Главноуправляющий Грузией Ермолов получает донесение о начале чеченского мятежа.
С.-Петербург.
Аракчеев извещает о желании 3-го украинского уланского полка унтер-офицера Ивана Шервуда, лондонского уроженца, с 1800 года пребывающего в России, доложить сведения о готовящемся заговоре против Государя императора.
Народ в «Борисе Годунове» безличен и безудержен одновременно; его равнодушное безличие, которым столь охотно пользуются властители, в свою очередь, лишает их возможности личного выбора, неумолимо навязывает им логику поступков. Можно сказать, что в «Борисе Годунове» власть и народ взаимно порабощены, взаимно обезличены, взаимно виновны — и в этом причина совершающейся катастрофы.
Так Пушкин находит для себя ответ на мучающий его вопрос. Мнение народное — это сумма суммарум личных мнений и воль. В эпоху Годунова его еще нет; в эпоху Годунова есть народная толпа, стихия, волнуемая, как океан, и есть власть, эту стихию направляющая, но ею же и управляемая. Только Смута дает шанс проявиться истинному мнению народному. И как раз тут Пушкин делает фигуру умолчания, предоставляя читателю догадаться, что зарождение русской гражданственности непосредственно предшествует воцарению Дома Романовых, исторически связано с ним.

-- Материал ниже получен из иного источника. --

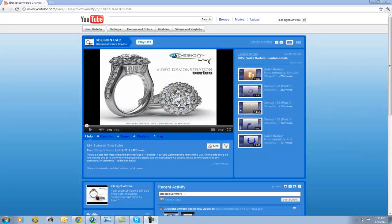The Video Demonstration Series — 3Design's free online training resource — allowing you to conquer your learning curve on your terms, and delivering you your return on the software investment. Add to this the 3Designer community, the fastest growing jewelry design community in the world, and you have a network of support that is going to help you integrate CAD-CAM technology into your business.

Врачи Виллие и Стофреген приходят к выводу, что зиму императрица в Петербурге не переживет. Выбор: Италия, Южная Франция, Южная Россия. Решено: перезимовать в Таганроге. Первым поедет Александр; все устроит; чуть позже к нему присоединится Елизавета. Сопровождают: царя — барон Дибич, лейб-лекарь Виллие, врач Д. К. Тарасов, полковник А. Д. Соломка. Царицу — князь Петр Волконский.

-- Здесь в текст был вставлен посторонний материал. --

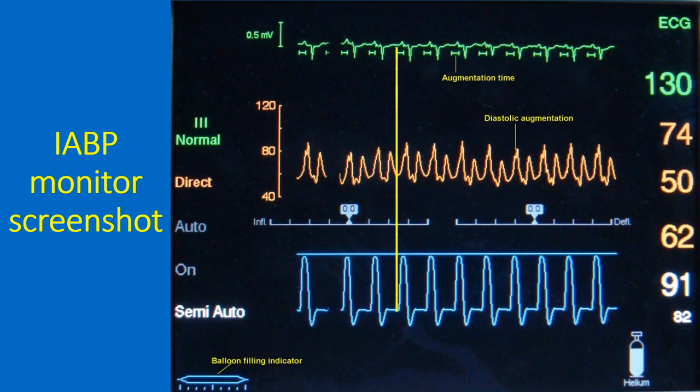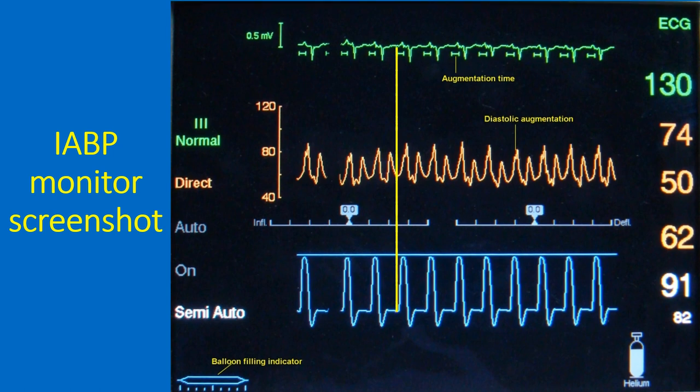The figure at the top in green, showing 130, indicates the heart rate. The figures below that are the peak, trough, and mean pressures from the arterial line. The augmentation level and alarm limit for augmentation are shown as the lower figures, and the filling level of the helium tank is also indicated.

Кажется, основные смысловые узлы трагедии развязаны; ее интеллектуальный конфликт разрешен; личная виновность властителя соотнесена с обезличенной виной нации; сила, потенциально способная вывести и российскую государственность, и стихию народной жизни из вечного тупика, вроде бы найдена. Но мы слишком хорошо помним пушкинские стихи 1823 года на сюжет евангельской притчи «Свободы сеятель пустынный…». Стихи, равно направленные и против властей предержащих, и против революционных посягновений на основы монаршего устройства, и — главное — против мирных народов, так и не очнувшихся от равнодушия:
Наследство их из рода в роды Ярмо с гремушками да бич.Нет сомнений, что их автор, каким бы либералом в душе он ни был, не верит, что гражданственность в России (послегодуновской, послепетровской, послепавловской…) родилась. Она как была, так и осталась нереализованной возможностью, потенцией; с ней связаны будущие надежды, но на нее невозможно рассчитывать «здесь и сейчас», в эпоху «молчания ягнят». А на что же возможно? Или закольцованное безличие властной воли и народного безволия так и будет беспрепятственно удушать современную Россию?
И тут нужно обратить внимание на двух совершенно особых персонажей пушкинской трагедии: Летописца и Юродивого. Только эти двое освобождены от моральной ответственности за общероссийскую катастрофу, выведены за ее скобки, — хотя оба, подобно царю, своеобразно увенчаны. Только не тяжелой шапкой Мономаховой, а клобуком — один и железным колпаком — другой. [281] Увенчаны недаром — их призвание по значимости сопоставимо с монаршим, ибо они являются носителями независимого и от власти, и от толпы личного мнения, без них будущность русской гражданственности невозможна.
281
У Пушкина Николку мальчишка щелкает по железной шапке и восклицает: «Эк она звонит!» Кажется, великий поэт заблуждался. Железные колпаки юродивых при ударе могли только глухо звучать, поскольку сделаны были отнюдь не из жести; от их непереносимой тяжести подчас лопались глаза; так что носили их не только из презрения к обычаям мира, но и для настоящего физического страдания.